The Atmospheric Radiation Measurement (ARM) Program was created in 1989 with funding from the U.S. Department of Energy (DOE) to develop several highly instrumented ground stations to study cloud formation processes and their influence on radiative transfer.

Many products are available in netCDF format. Unfortunately, the files do not conform to the COARDS or CF conventions commonly used in climate research.
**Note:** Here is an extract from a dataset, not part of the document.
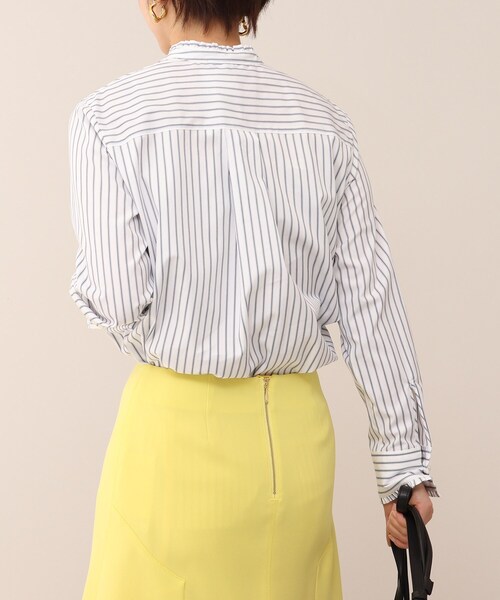 UNTITLED（アンタイトル）の「◆ストライプ柄 フリルブラウス【洗える】（シャツ/ブラウス・レディース・ホワイト系5/ブルー系5/ホワイト系9・00/01/02/03/04/44/48）」の16枚目の写真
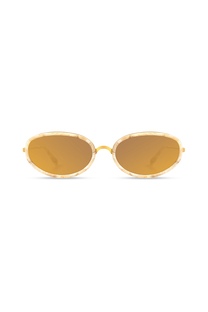 DIMA Eyewear Solis Gold Cream Marble Frame Brown Mirror Lens 2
For example, the units associated with the latitude (lat) and longitude (lon) variables are both "degrees" rather than the udunits conforming "degrees_north" and "degrees_east". More problematical is the designation of the variable 'time' which has units relative to midnight of the currrent day (rather than some base date) as UNLIMITED. For example:


     netcdf sgp15swfcldgrid1longN1.c1.20091021.140000 {
     dimensions:
             time = UNLIMITED ; // (35 currently)
             lat = 15 ;
             lon = 17 ;
     variables:
             int base_time ;
                     base_time:string = "21-Oct-2009,14:00:00 GMT" ;
                     base_time:long_name = "Base time in Epoch" ;
                     base_time:units = "seconds since 1970-1-1 0:00:00 0:00" ;
             double time_offset(time) ;
                     time_offset:long_name = "Time offset from base_time" ;
                     time_offset:units = "seconds since 2009-10-21 14:00:00 0:00" ;
             double time(time) ;
                     time:long_name = "Time offset from midnight" ;
                     time:units = "seconds since 2009-10-21 00:00:00 0:00" ;
             float cloudfraction(time, lat, lon) ;
     [SNIP]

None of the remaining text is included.